*PROVIDED ENTRIES*.
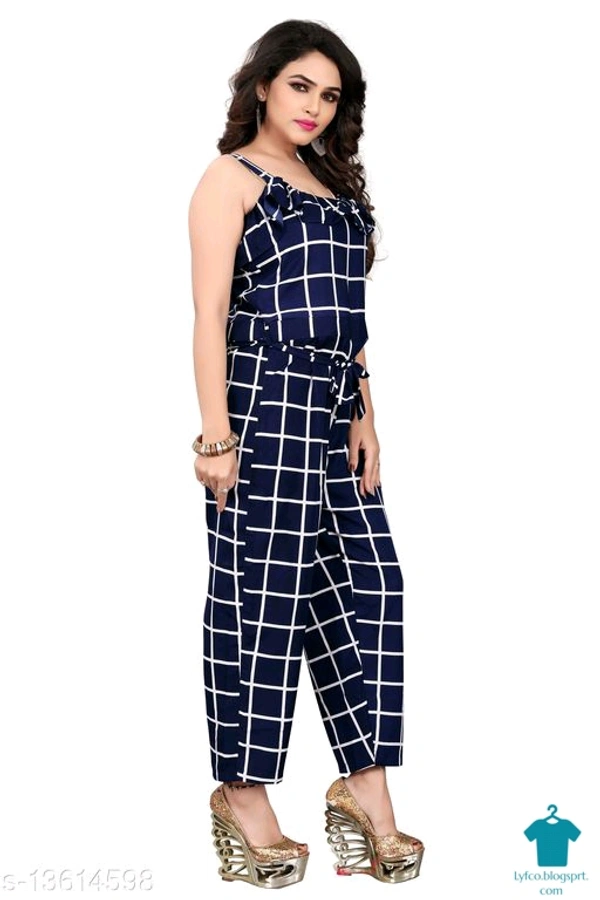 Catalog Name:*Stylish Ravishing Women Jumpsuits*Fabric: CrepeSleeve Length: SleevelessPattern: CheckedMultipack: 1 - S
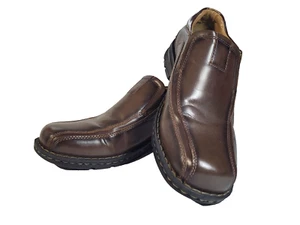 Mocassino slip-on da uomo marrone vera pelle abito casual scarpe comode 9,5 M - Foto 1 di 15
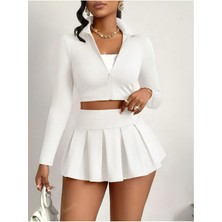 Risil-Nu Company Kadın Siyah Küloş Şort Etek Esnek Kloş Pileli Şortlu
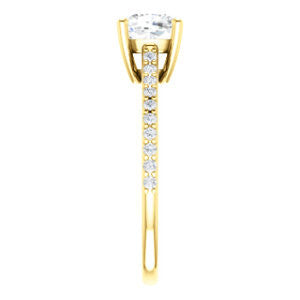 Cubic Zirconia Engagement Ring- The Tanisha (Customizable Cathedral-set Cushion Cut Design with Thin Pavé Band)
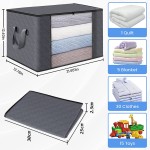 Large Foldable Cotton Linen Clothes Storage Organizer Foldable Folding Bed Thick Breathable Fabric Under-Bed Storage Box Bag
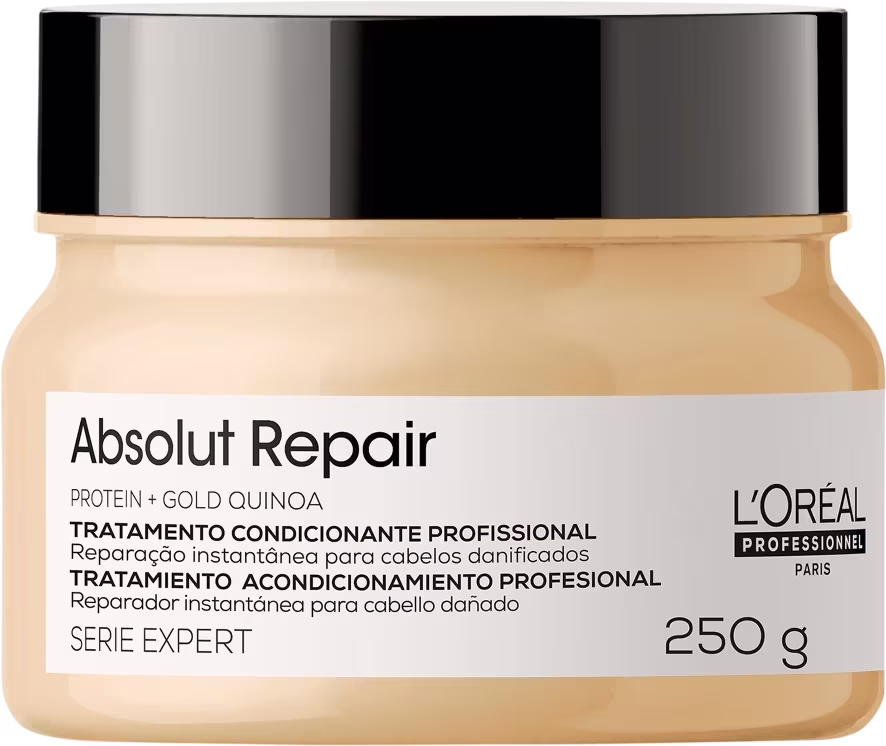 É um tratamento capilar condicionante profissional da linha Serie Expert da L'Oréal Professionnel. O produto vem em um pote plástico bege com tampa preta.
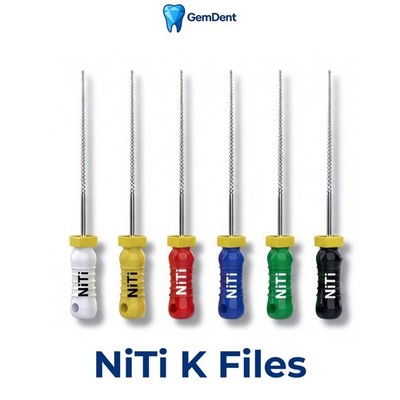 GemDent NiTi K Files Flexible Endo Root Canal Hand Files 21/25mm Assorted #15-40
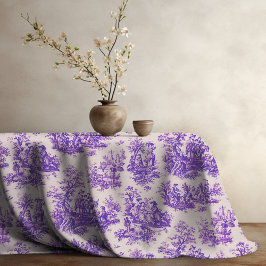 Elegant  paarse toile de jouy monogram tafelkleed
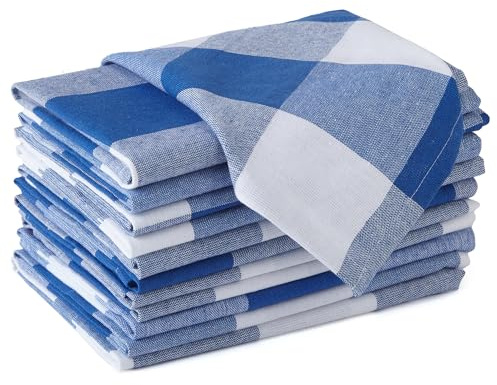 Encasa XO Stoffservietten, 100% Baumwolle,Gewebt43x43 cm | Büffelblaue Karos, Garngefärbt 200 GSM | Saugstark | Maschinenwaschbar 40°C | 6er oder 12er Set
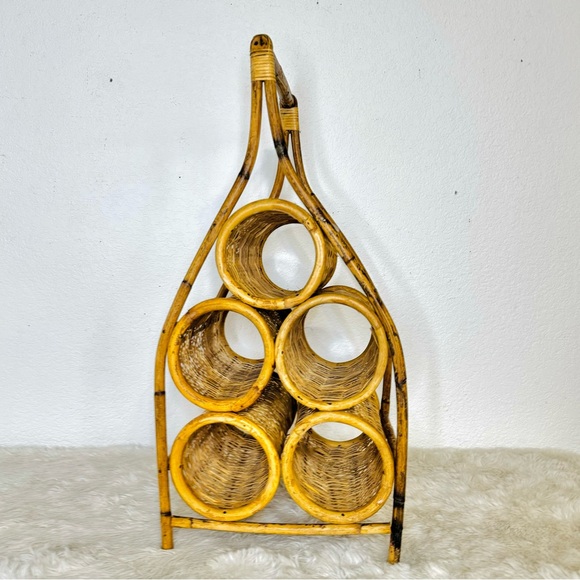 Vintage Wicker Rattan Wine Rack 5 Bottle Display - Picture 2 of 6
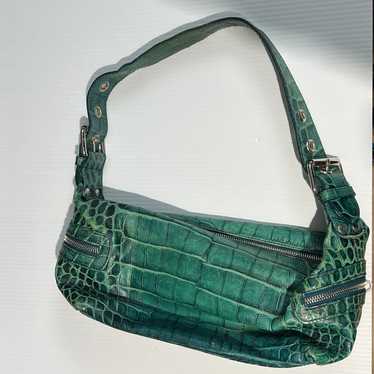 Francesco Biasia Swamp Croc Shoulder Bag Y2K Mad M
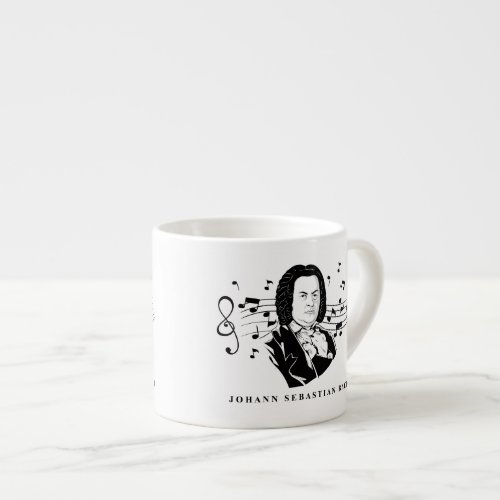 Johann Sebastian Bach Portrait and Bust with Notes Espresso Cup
...
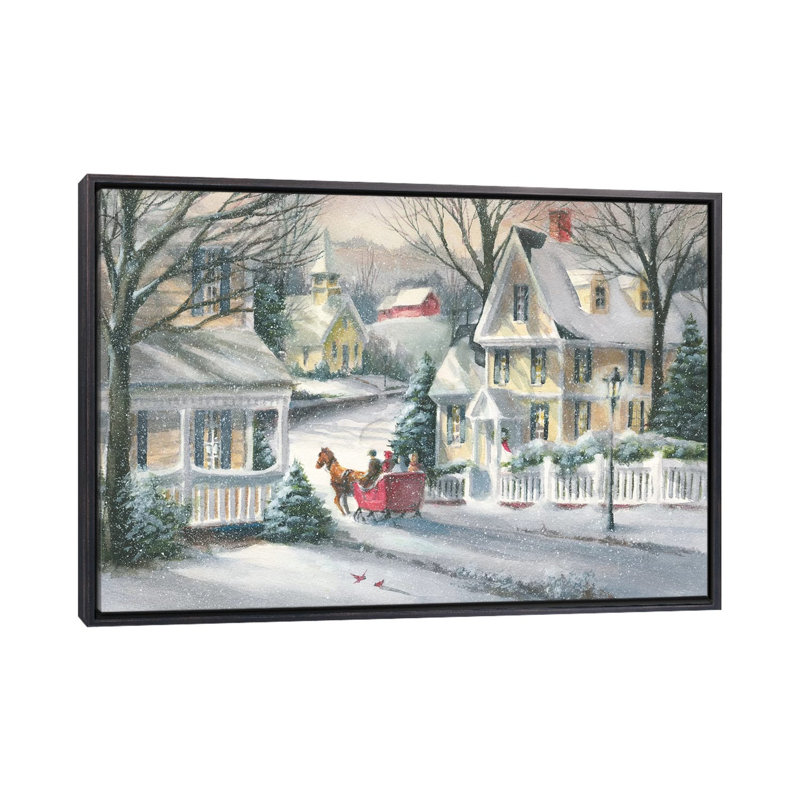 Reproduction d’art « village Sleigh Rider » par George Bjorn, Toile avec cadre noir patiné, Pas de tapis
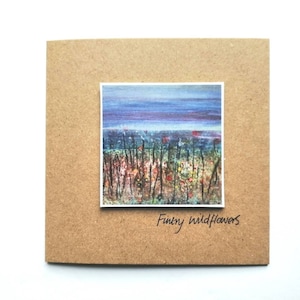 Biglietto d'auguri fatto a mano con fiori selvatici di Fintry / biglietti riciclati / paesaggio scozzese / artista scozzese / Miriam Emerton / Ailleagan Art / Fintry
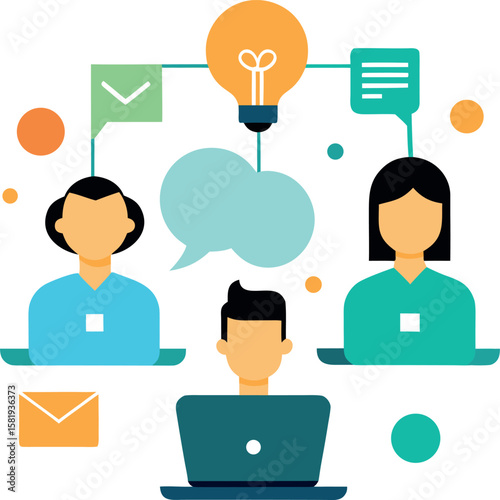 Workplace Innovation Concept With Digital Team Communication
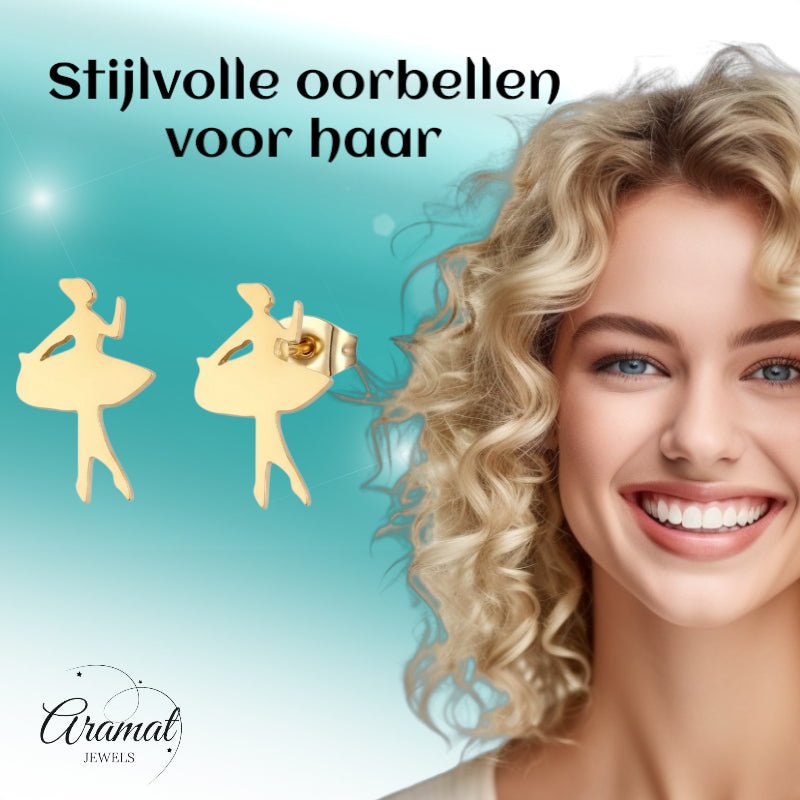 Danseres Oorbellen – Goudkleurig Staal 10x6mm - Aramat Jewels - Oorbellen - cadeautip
* * *
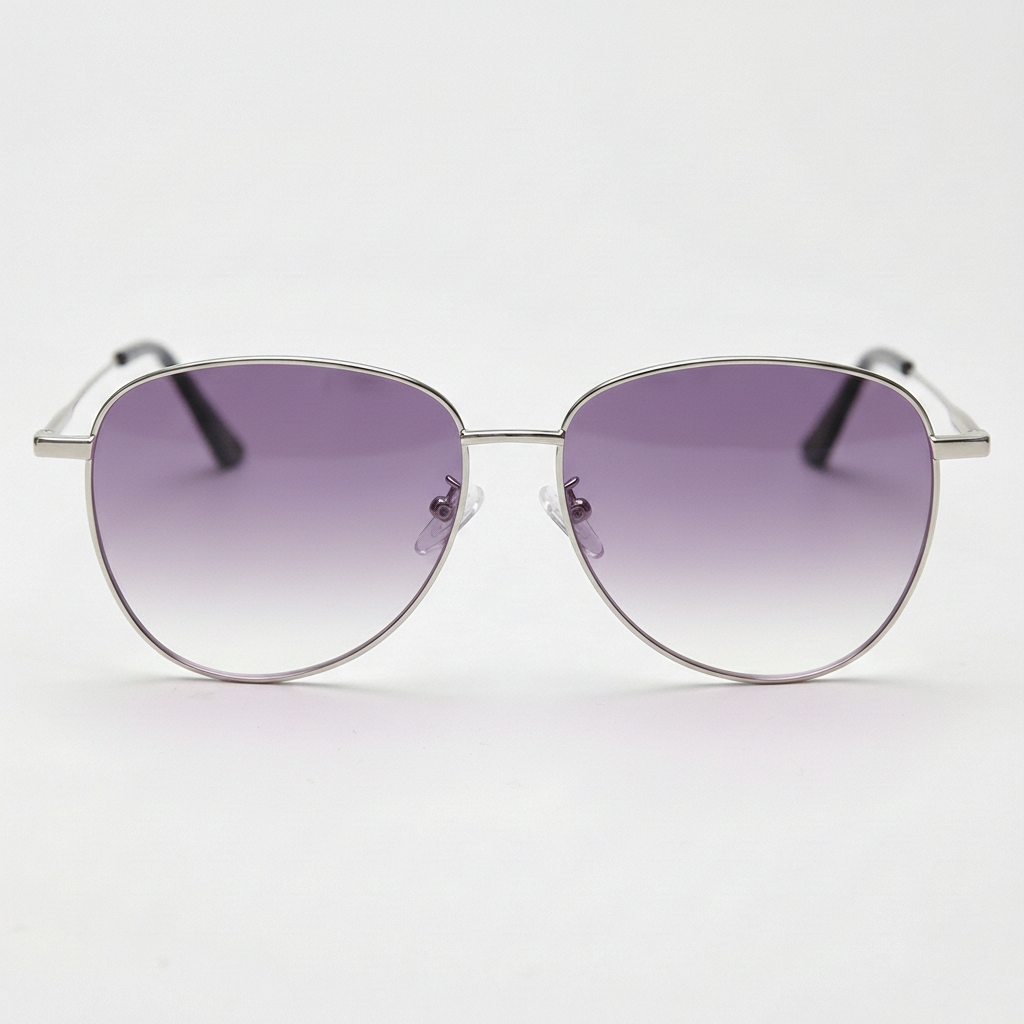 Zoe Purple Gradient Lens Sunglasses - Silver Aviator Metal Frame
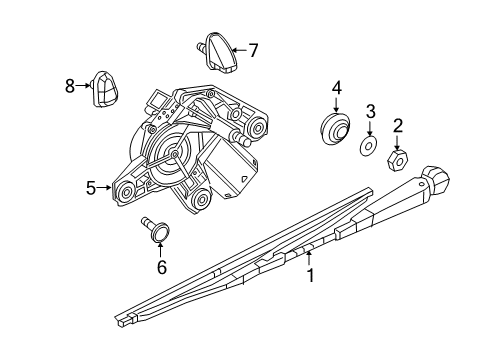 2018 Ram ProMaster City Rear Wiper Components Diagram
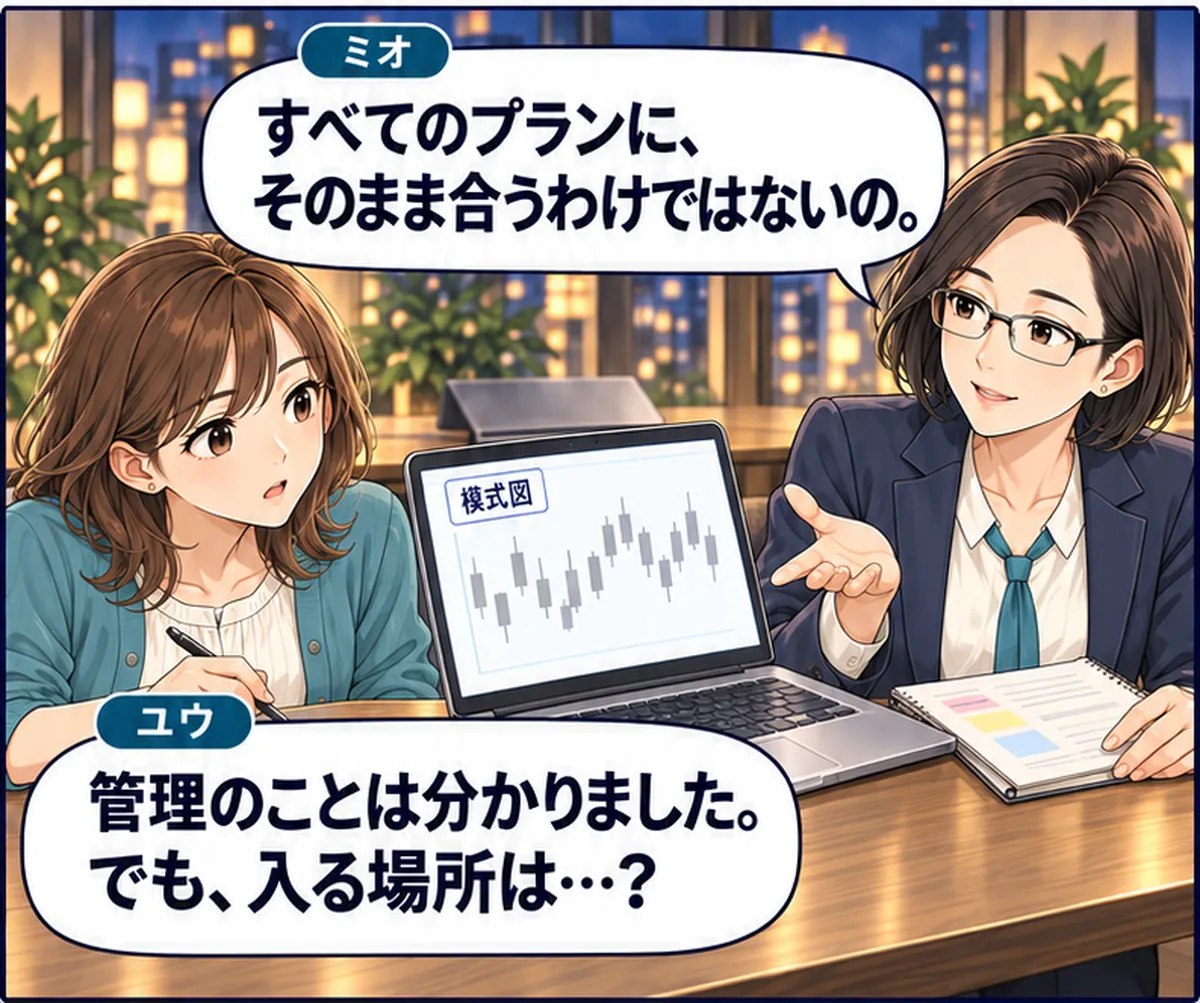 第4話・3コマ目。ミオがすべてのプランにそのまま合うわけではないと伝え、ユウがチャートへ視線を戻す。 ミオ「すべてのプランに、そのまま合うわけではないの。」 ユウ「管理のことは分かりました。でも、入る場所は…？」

*TASK DIRECTIONS*.
Could the stretch from the line with "Catalog Name:*Stylish Ravishing" through the line with "Risil-Nu Company Kadın" in the listing above be restated word for word, minus the pictures?

*RESPONSE*.
 Catalog Name:*Stylish Ravishing Women Jumpsuits*Fabric: CrepeSleeve Length: SleevelessPattern: CheckedMultipack: 1 - S
 Mocassino slip-on da uomo marrone vera pelle abito casual scarpe comode 9,5 M - Foto 1 di 15
 Risil-Nu Company Kadın Siyah Küloş Şort Etek Esnek Kloş Pileli Şortlu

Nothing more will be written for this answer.